4 These restrictions
and intense surveillance have resulted in the popularity of drawing
up marriage contracts ("paper marriages") for the purpose
of obtaining accommodation and avoiding difficulties with police.
5 Paulla Ebron
found a similar dynamic at work in the Gambia where the tourism
industry gained international notoriety due to the prevalence of
European female travelers seeking young male Gambians for sexual
relationships. "When powerful Northern women are thought to
be stalking junior Southern men, a disturbing gender inversion has
occurred. Gambian men are feminized. National honor and masculinity
are jeopardized." Paulla Ebron, "Traffic in Men,"
Gendered Encounters: Challenging Cultural Boundaries and Social
Hierarchies in Africa, ed.
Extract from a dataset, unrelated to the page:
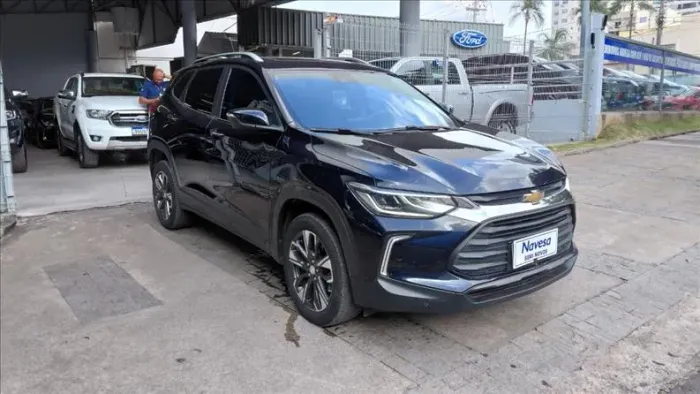 Chevrolet Tracker Premier 1.2 Turbo 12V Flex AUT 2023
Maria Grosz-Ngate and Omari Kokole
(New York: Routledge, 1997), p. 227.
6 Karim el-Gawhary,
"Sex Tourism in Cairo," Middle East Report 195
(September -- October 1995): 26.
7 For example
Malcolm Crick found that in Kandy, Sri Lanka the young (usually
teenage) informal guides (referred to as "touts") who
worked the streets in the hopes of securing temporary employment,
were identified as the biggest hindrance to the development of tourism
by both state authorities and larger business owners, and were regularly
arrested and detained under the premise of a vagrancy ordinance.
In quite a few sites of international tourism, social scientists
have noted the prevalence of "bumpsters" or "professional
friends" who utilize a range of informal methods of instigating
interactions and exchanges with tourists in the face of their marginalization
and exclusion from the formal tourism industry.